Solid economic data continued to prevail during May with employment, manufacturing, and inflation numbers all pointing to strength and expansion. Labor market strength remains, as jobless rates were lower in April than a year earlier in 306 of the 389 metropolitan areas, and the unemployment rate continues to fall for every major demographic. While the ISM Manufacturing index declined to 52.8 it remained in expansionary territory. Inflationary pressures continue to be non-threatening, despite the economic expansion, with consumer prices rising a relatively benign 2.1% over the past year. Nevertheless, market participants found much to worry about, with most concerns centering on foreign trade. Tariffs moved to the forefront of the economic discussion as Chinese trade negotiations stalled and the threat of new tariffs on Mexico were unleashed. While the economy is still strong it has lost part of its robustness, and investors see some vulnerability to continued expansion. This perception of vulnerability is clearly exacerbated by the potential negative impact of new tariffs and slowing trade. As a result, recessionary fears have increased and expectations for Federal Reserve policy have moved toward easing. The reaction of financial markets to these events have been fairly predictable, with equity markets selling off and most fixed income investments posting strong returns.

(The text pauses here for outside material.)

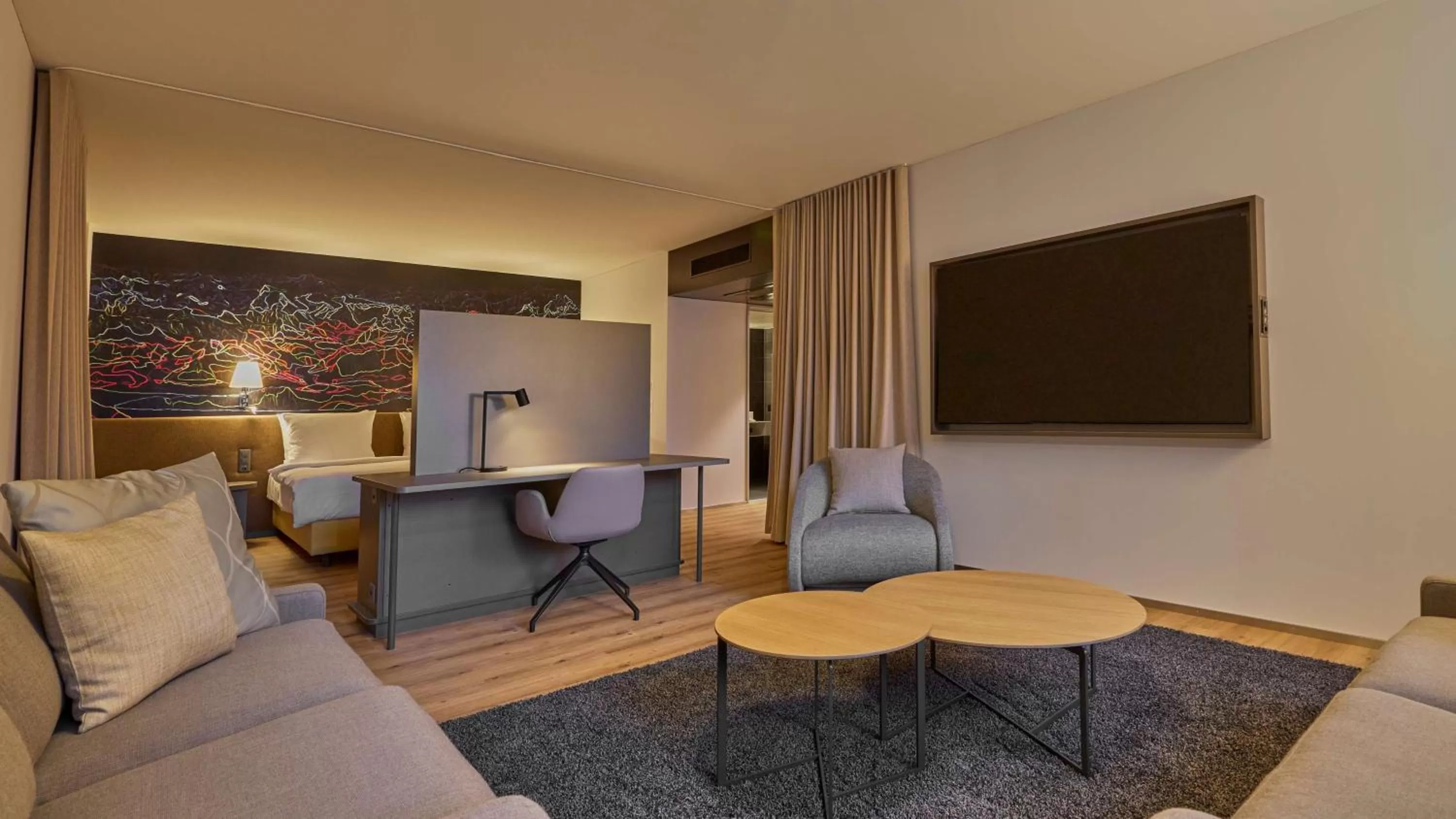 Photo of the whole room in Radisson Blu Hotel, Lucerne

Equity markets reversed course in May as investors changed focus to the potential negative impact of trade relations, including new tariffs on Mexican imports. All major equity indices posted negative returns for the month, with the S&P 500 losing value four consecutive weeks for the first time since 2011. However, given previous strength, year-to-date returns remain in positive. The NASDAQ index, despite losing 7.78% for the month, continues to lead equity market returns at 12.86% year-to-date. Nearly all sectors suffered losses in May with Real Estate as the only exception. Real estate achieved a positive 1.16% monthly return and was joined by the traditionally defensive sectors of Utilities and Health Care (-0.77% and -2.36% respectively) as the best performing sectors.
Bonds became more attractive in May as investors sought safety from the volatility and potential downside of stocks. Most areas of the bond market participated in this shift in sentiment, posting positive returns for the month. Rationally deviating from this flight to safety were high yield bonds, whose returns usually track closer to stocks, posting a –1.27% return. However, all bond indices remain positive for the year. Bond investors have now started to price Fed policy easing into prices with a 50% chance at the Fed’s September meeting and more than an 80% chance of at least one cut by December. The yield curve became inverted with 3-month T-bills now yielding 2.34%, 22 bps more than a 10-year treasury note. This inversion typically signals recessionary expectation.